Rollin a essayé d’éviter en même temps et la stérile sécheresse des abrégés, qui ne donnent aucune idée distincte, et l’ennuyeuse exactitude des longues histoires, qui accablent le lecteur ; aussi a-t-il retranché une grande partie de ce qui se trouvait dans les anciens. Il traduit toujours tout au long, mais il se garde de tout traduire. Pour embellir et enrichir son Histoire, il ne se fait point scrupule de piller partout, souvent même sans citer les auteurs qu’il copie ou qu’il imite. Il a profité des réflexions que l’on trouve dans la seconde et la troisième partie de l’Histoire universelle de Bossuet, et dans l’Histoire des Juifs de l’Anglais Prideaux. D’ailleurs, il l’avoue lui-même avec une bonhomie charmante : « Je sens qu’il y a moins de gloire à profiter du travail d’autrui, et que c’est, en quelque sorte, renoncer à la qualité d’auteur ; mais je n’en suis pas fort jaloux, et je serais trèscontent, et je me tiendrais très-heureux, si je pouvais être un bon compilateur et fournir une Histoire passable à mes lecteurs. »
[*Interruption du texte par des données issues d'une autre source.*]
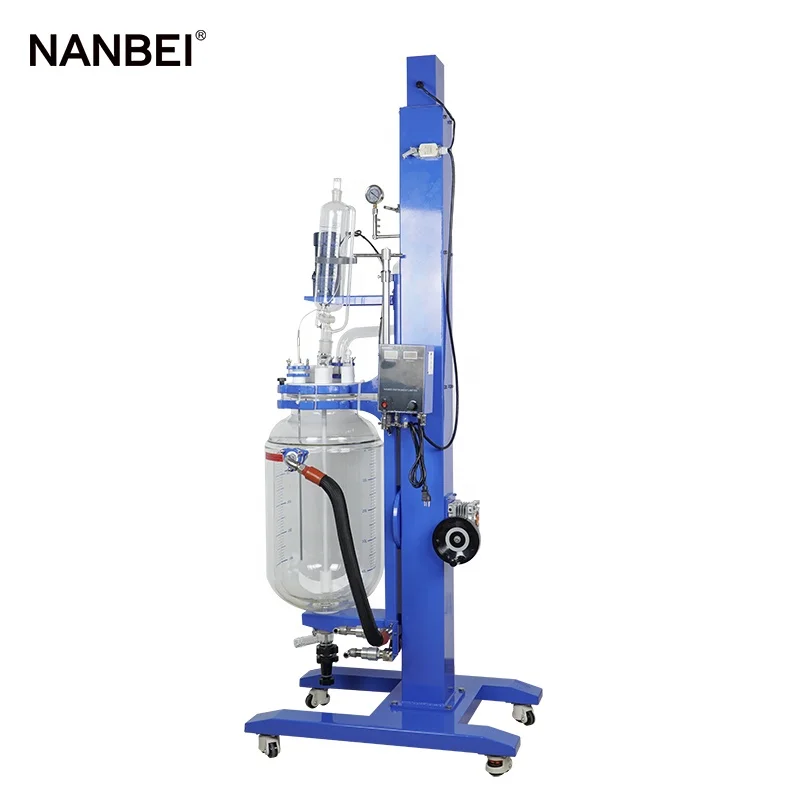 Nanbei Chemical 50L Электрический подъемный вращающийся двухслойный стеклянный реактор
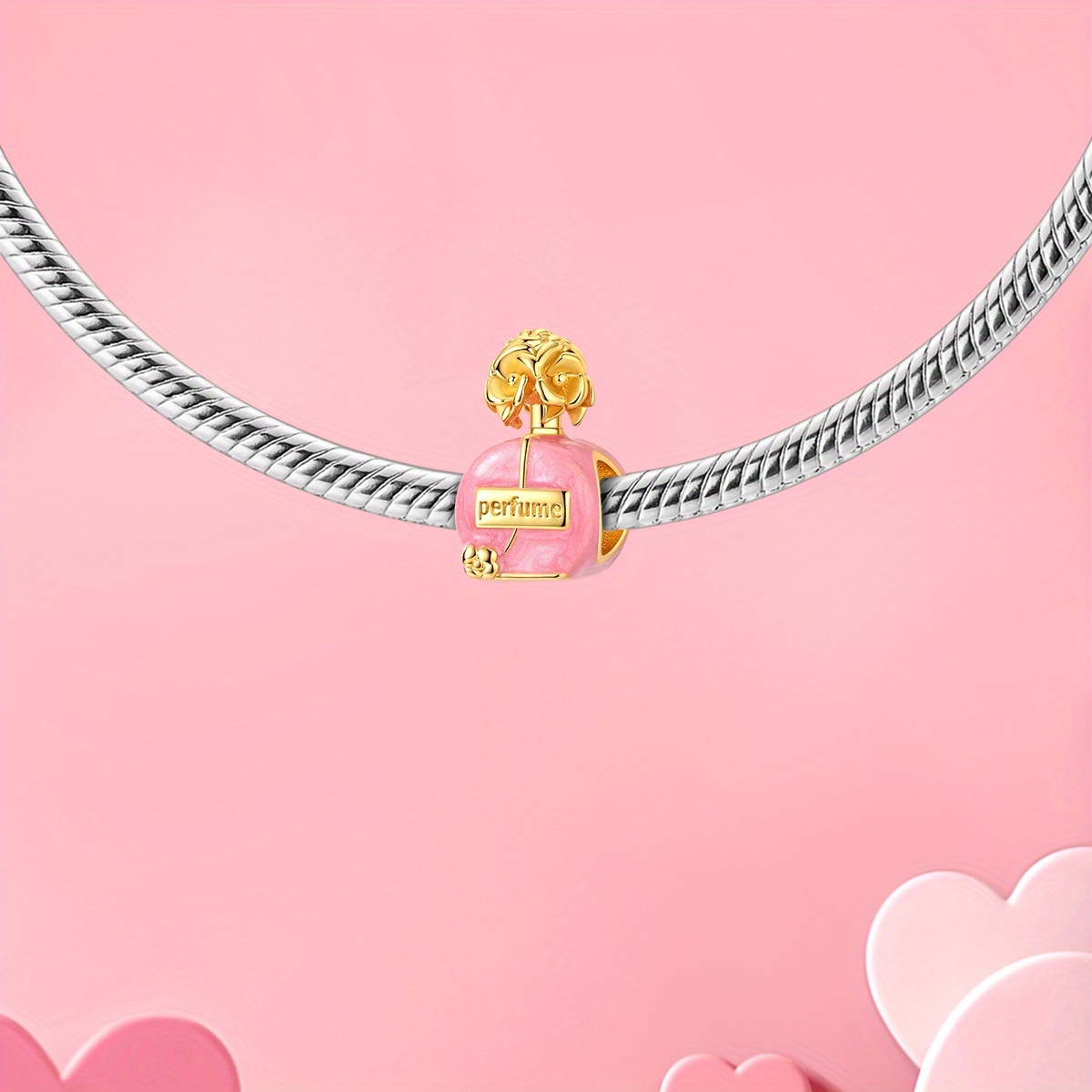 Golden Camellia Perfume Charm, Stylish Copper and Silver-Plated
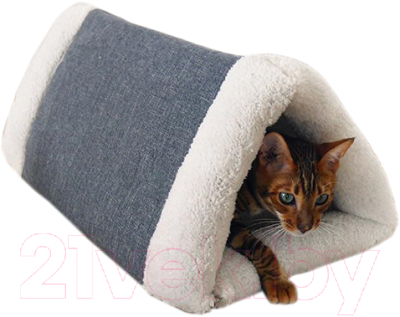 Домик для животных Rosewood Треугольный 2 в 1 / 03084/RW (серый/бежевый) - фото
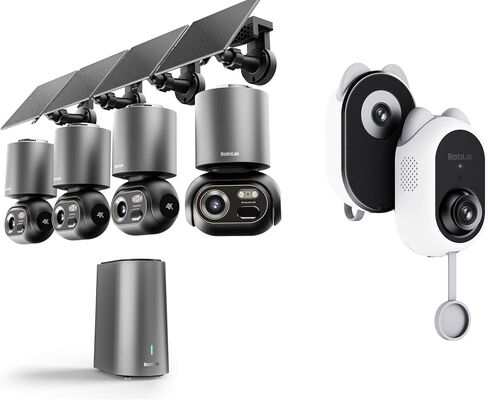 BOTSLAB 4K Security Cameras Wireless Outdoor, No Subscription, 4 Cam-Kit, Dual-Lens 4MP Window Cameras for Home Security, No Drill Indoor Camera, TrueColor Night Vision in Saudi Arabia
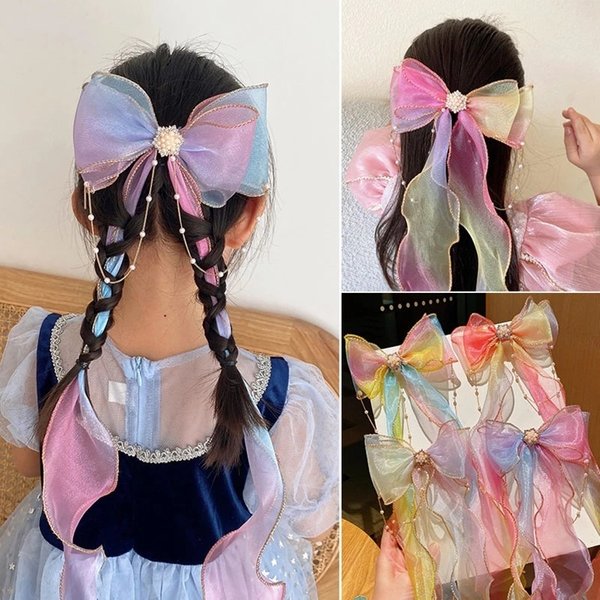 Mode Haar Zubehör Neue Mädchen Nette Bunte Chiffon Bogen Band Haarnadeln Kinder Süße Haar Clips Haar Zubehör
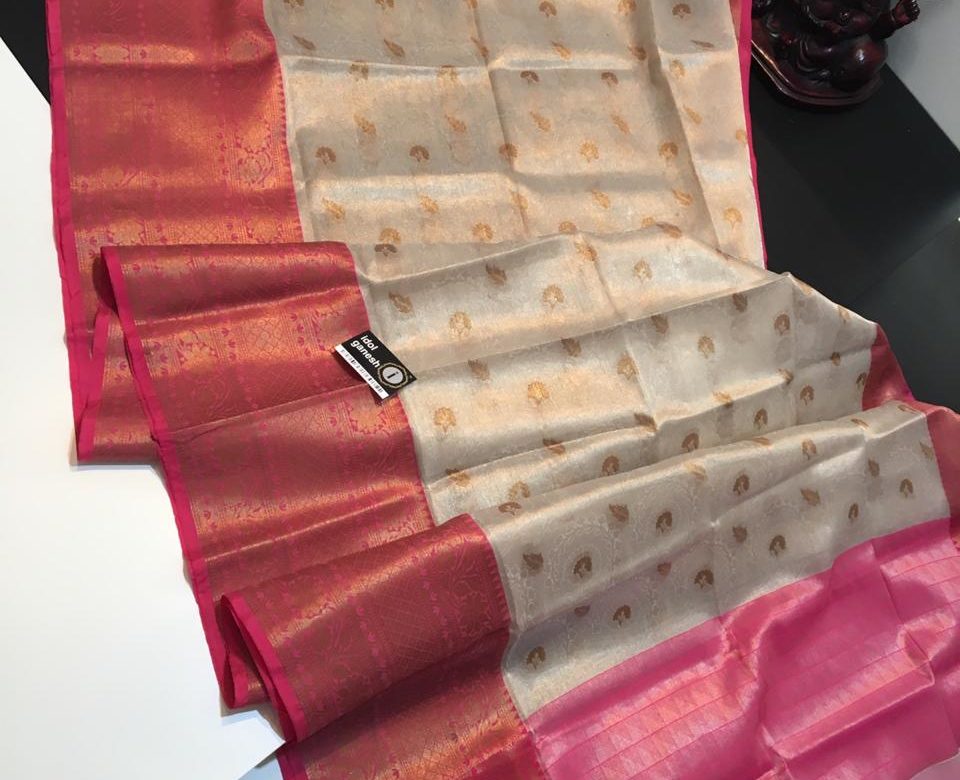 Pure lite weight kanchi tissue sarees with blouse (4)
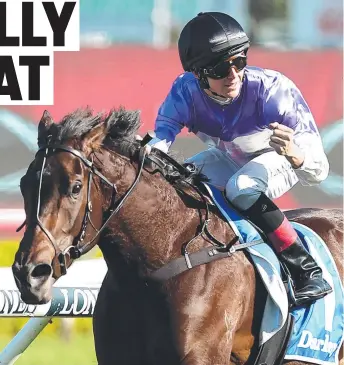  ?? ?? Zac Lloyd rides Tiz Invincible to win the Darley Tea Rose Stakes last September. Picture: Getty Images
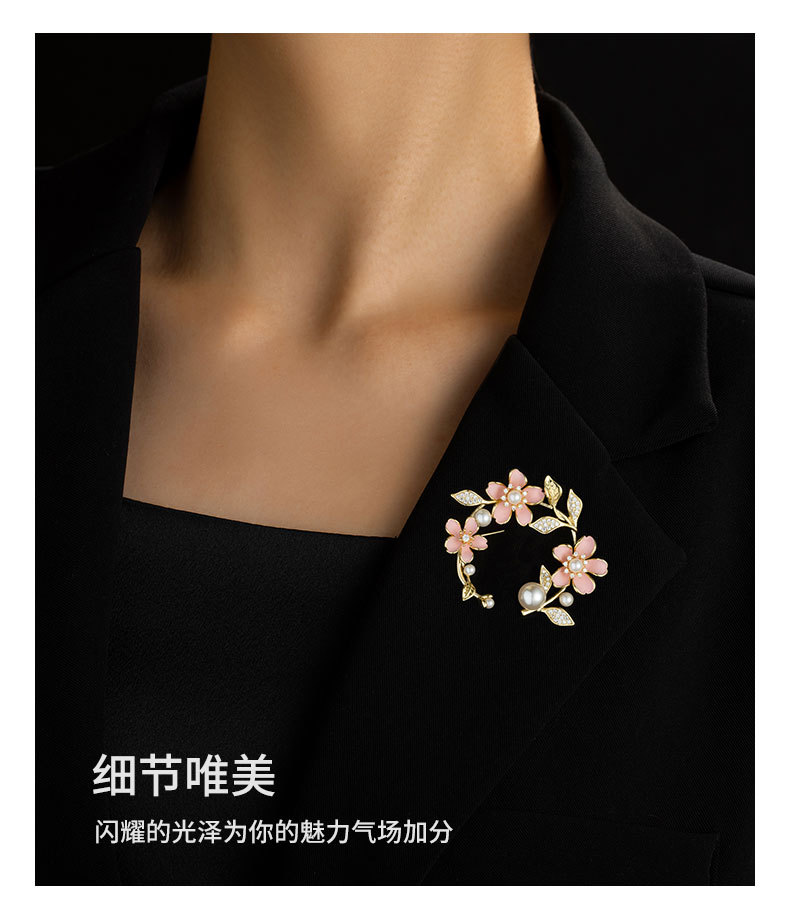 森系时尚优雅花环胸针小众轻奢风个植物花卉别针新品超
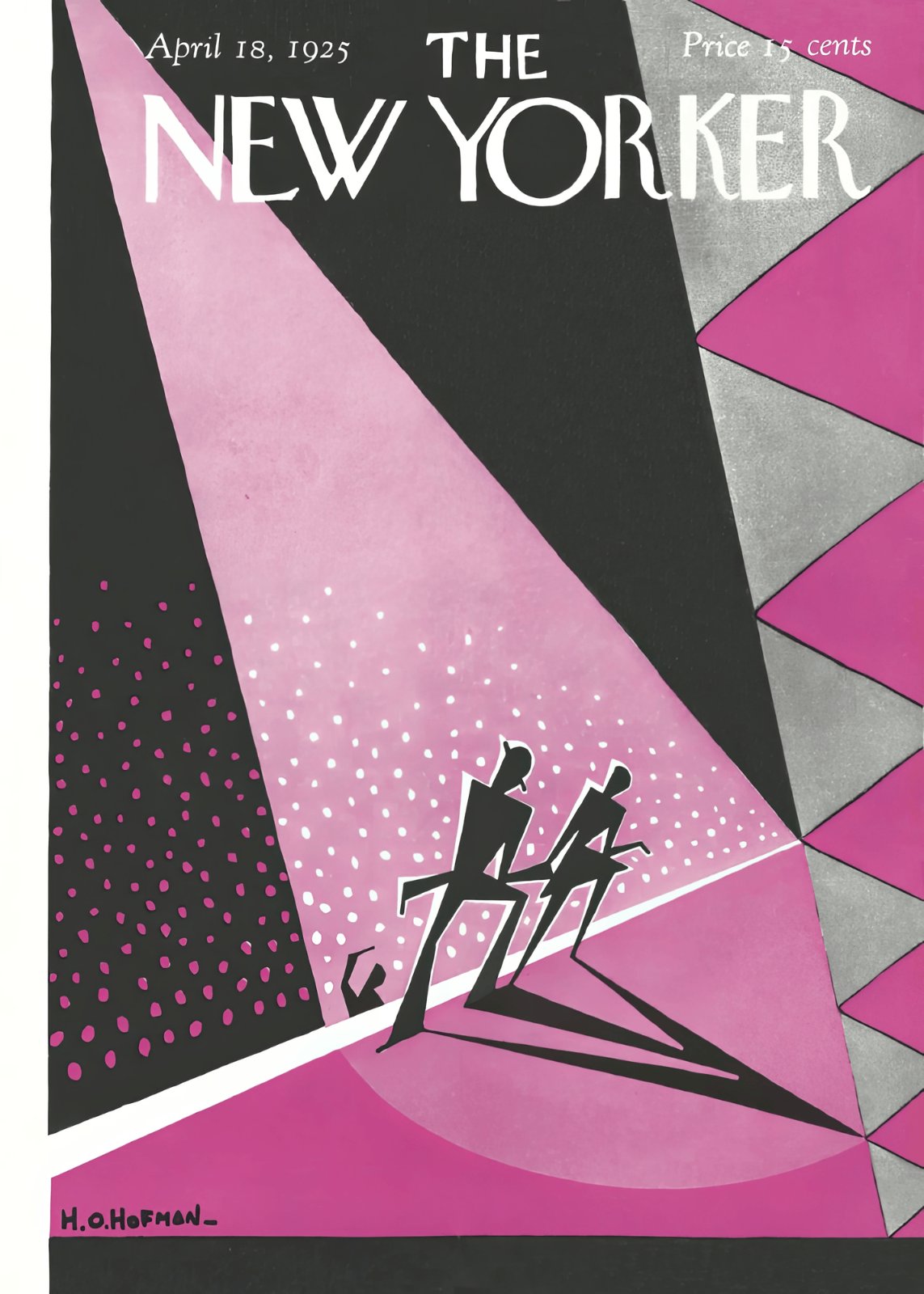 Vintage The New Yorker Cover Poster – Apr 18, 1925 Issue by H.O. Hofman – Retro Art Deco Jazz Age Poster, Stylish Pink & Black Home Decor Print — Poster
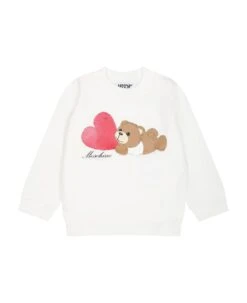 MOSCHINO Sweat-shirt Blanc Pour B Fille Avec Teddy Bear Et Coeur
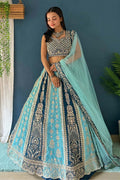 Blue Lehenga Choli UK | Floral Embroidered Designer Set PR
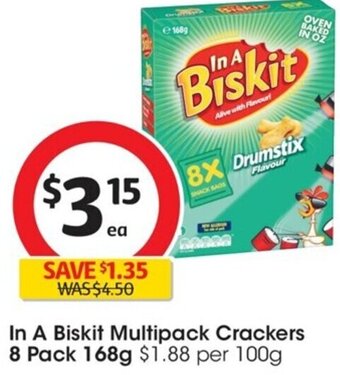 Coles In A Biskit Multipack Crackers 8 Pack 168g offer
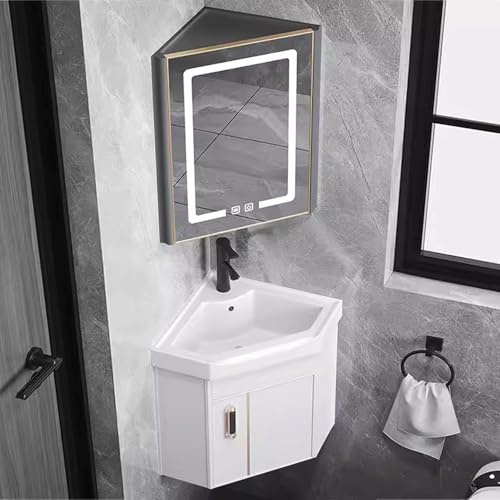 Mueble de tocador esquinero compacto con lavabo y espejo LED, elegante mueble de baño pequeño para espacios limitados (Bianco, 43 cm), ideal para interiores modernos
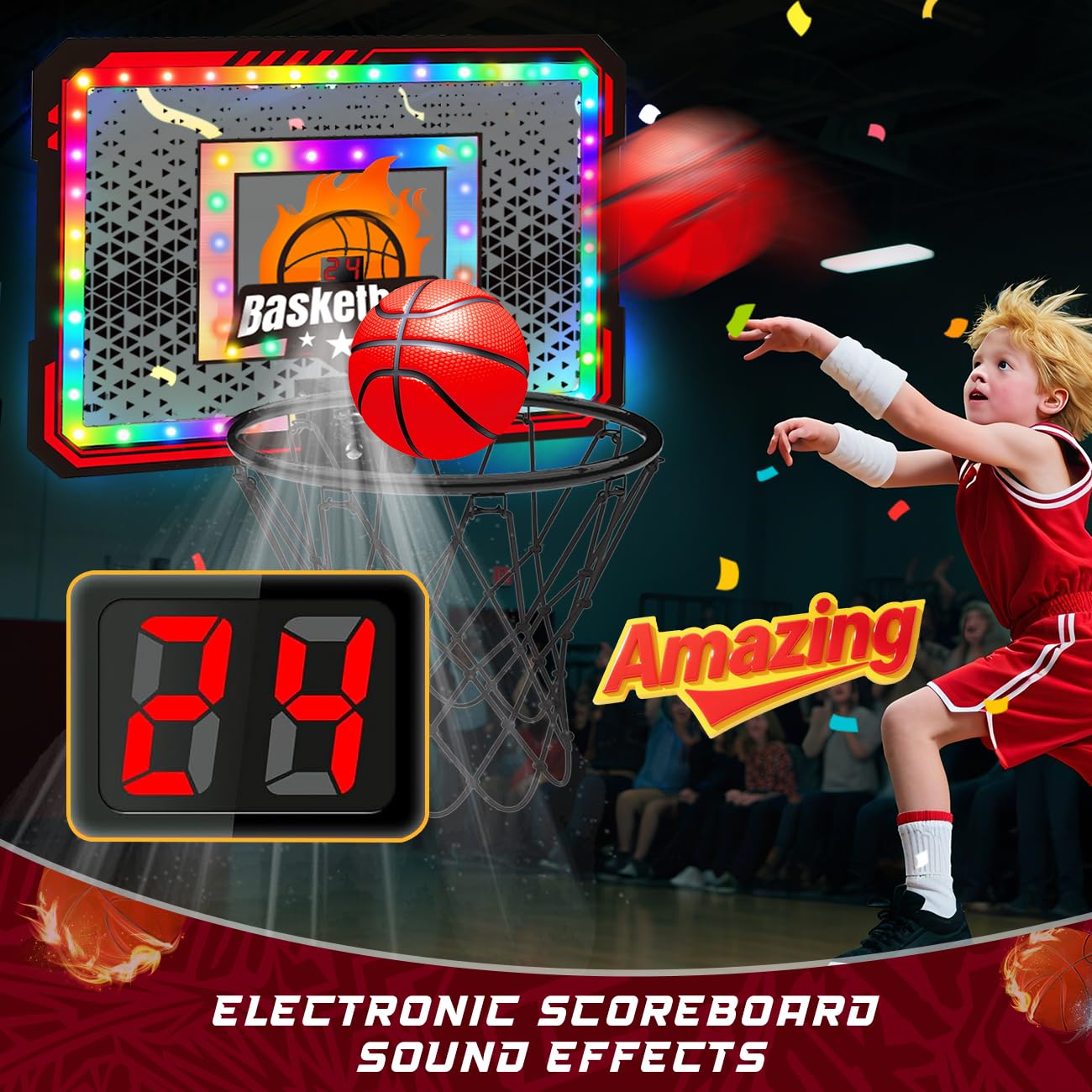 VATOS Aro de baloncesto para interiores, marcador de luz LED con control remoto, juego de baloncesto sobre la puerta, juguete de dormitorio para niños de 3 a 8 años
Rollin semble avoir prévu le reproche de crédulité qu’on n’a pas manqué de lui faire, et qu’il a certainement mérité ; car, au sujet des augures, des prodiges, des oracles, des maléfices et autres absurdités païennes, il déclare naïvement qu’elles faisaient partie, chez les anciens, de la religion et du culte public ; que cette religion était fausse et ce culte mal entendu ; mais que le principe en était louable et fondé sur la nature. Il ajoute que c’est par cette raison qu’il a cru, tout en retranchant une grande partie de ces pratiques ridicules, ne pas devoir les supprimer entièrement. Quoi qu’il en soit, la naïve simplicité de Rollin, qui est un charme pour le lecteur, est un grave inconvénient au point de vue de la science historique. Du reste, on aurait tort de demander la moindre critique au bon professeur ; il a lu, admiré et traduit les anciens, les suivant dans leurs récits les plus incroyables, traduisant même leurs harangues militaires et leurs récits de batailles. Rollin ne sort pas de là, et c’est bien à tort qu’on a voulu faire de ce brave homme un républicain. Il n’admirait pas Brutus, non, mais le style de son historien, et il fut bien surpris quand le roi de Prusse le félicita un jour de son amour pour la liberté. Son livre est une suite de versions ; Rollin ne pouvait se déshabituer de faire sa classe, même quand il écrivait l’histoire. Toutefois, quand on se rappelle l’admiration des républiques d’Athènes et de Rome, qui était commune à tous les grands acteurs de notre Révolution, on n’est pas loin de reconnaître que Rollin a contribué, sans s’en douter, à cet immense mouvement de rénovation politique. l’Histoire ancienne se termine par un abrégé chronologique de tous les faits et une table exacte des matières. Le guide adopté par Rollin pour la chronologie est Ussérius.